Funny, there was a camp bow wow here where I live.
We boarded our 9 yr old dobie there while we went on our first cruise. He was not himself for WEEKS after spending 5 days there. This was the last time we went on vacation or boarded him anywhere. It was like he was lost mentally. He couldn't walk for a few days when he got home. We never found out what happened to him. Whenever called to ask, they said he just didn't socialize much, laid in his cage and didn't move around the 5 days he was there.

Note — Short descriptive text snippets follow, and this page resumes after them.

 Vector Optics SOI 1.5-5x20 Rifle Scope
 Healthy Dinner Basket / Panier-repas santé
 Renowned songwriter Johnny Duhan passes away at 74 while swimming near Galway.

Previous to this boarder we used to take our 2 boys to a family run boarding place. This was a place in someone's home.
They had lots of land, great runs, and warm places for them to sleep.
Our boys would practically RUN from our car to them. I believe they were treated so well the dogs hated to leave and looked forward to being there. It "showed" in their behavior.
sadly these great people decided to retire., hence the move to camp bow wow.

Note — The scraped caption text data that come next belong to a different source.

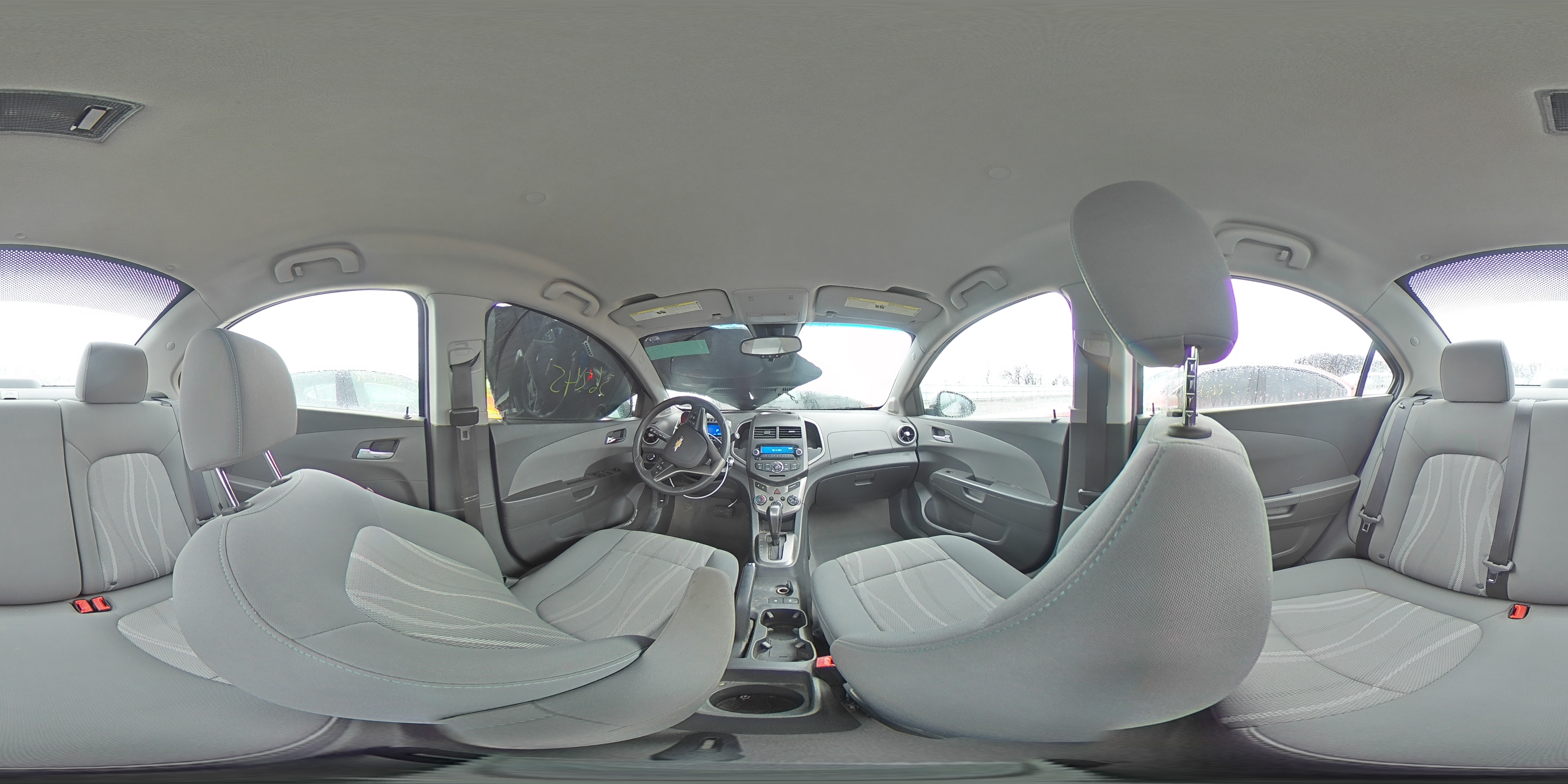 2012 Chevrolet Sonic - Image 12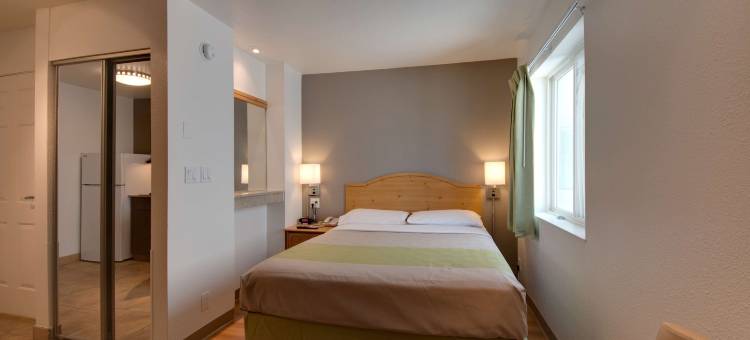 德克萨斯布朗斯维尔 6 号开放式客房酒店(Studio 6 Brownsville, TX)图片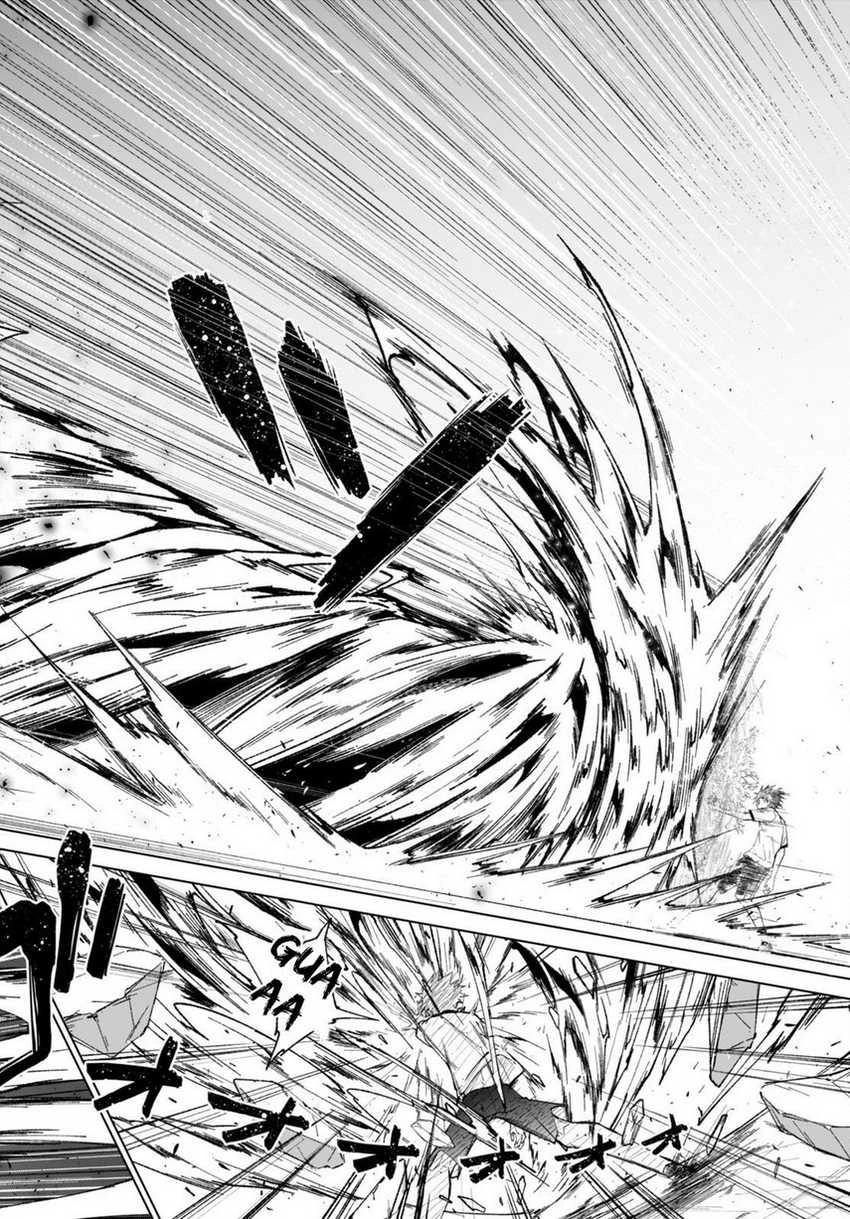 Halaman 18 — Maou Gakuen no Hangyakusha: Jinrui Hatsu no Maou Kouhou, Kenzoku Shoujo to Ouza wo Mezashite Nariagaru Chapter 42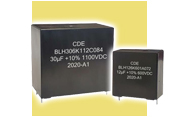 Cornell Dubilier CDE BLH Series DC Link Capacitors width=
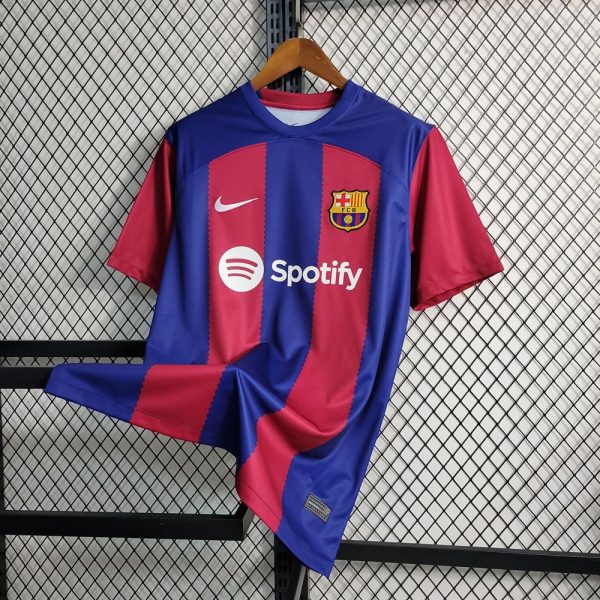 Fc barcelone maillot domicile 2023 2024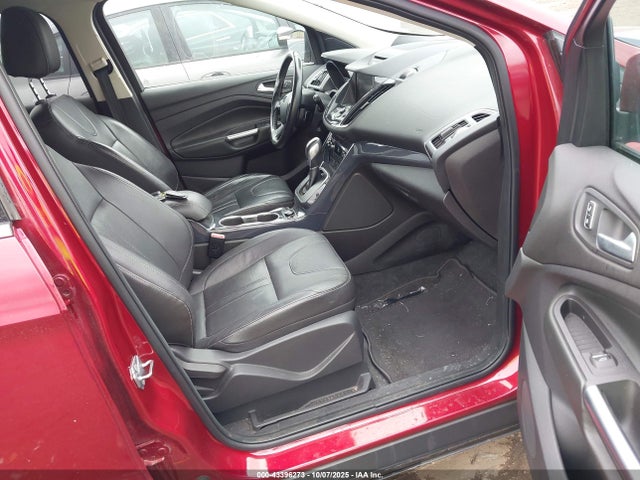 Продаж на аукціоні авто 2013 Ford Escape Titanium, vin: 1FMCU9J99DUA99592, номер лоту: 43396273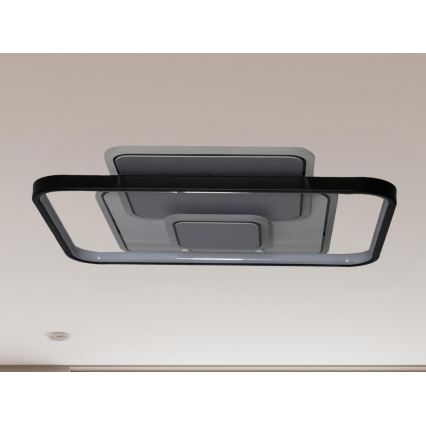 LED Dimmable ceiling light LED/110W/230V 3000-6500K white + remote control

I agree with everyone else. Listen to your pup.


----------



## Eiros (Jun 30, 2011)

i know a few people who've taken pups to camp bow bow... i havent heard a lot of good things honestly...


----------



## Msmaria (Mar 2, 2013)

Definitely listen to your dog. My dog tells me if he likes a place of not by how he acts when I pick him up. If he goes back and noses the person, he likes it there. If he comes and hides behind me when picked up I dont take him back there no matter how good other reviews are.

Theres a camp Bow Wow in Southern California. We only went once. Dexter did not like it and he also tried to hump my maltipoo when he got home from his first day. A double No No. Petsmart (another commercial day camp) has worked for us though. We switch between that one and a private ran day camp (with limited hours and farther away)because Dexter loves the staff at both. If he ever shows me hes not happy there I wouldnt take him back.


----------



## pets4life (Feb 22, 2011)

if you payed for more days than u used make sure you get that money back


----------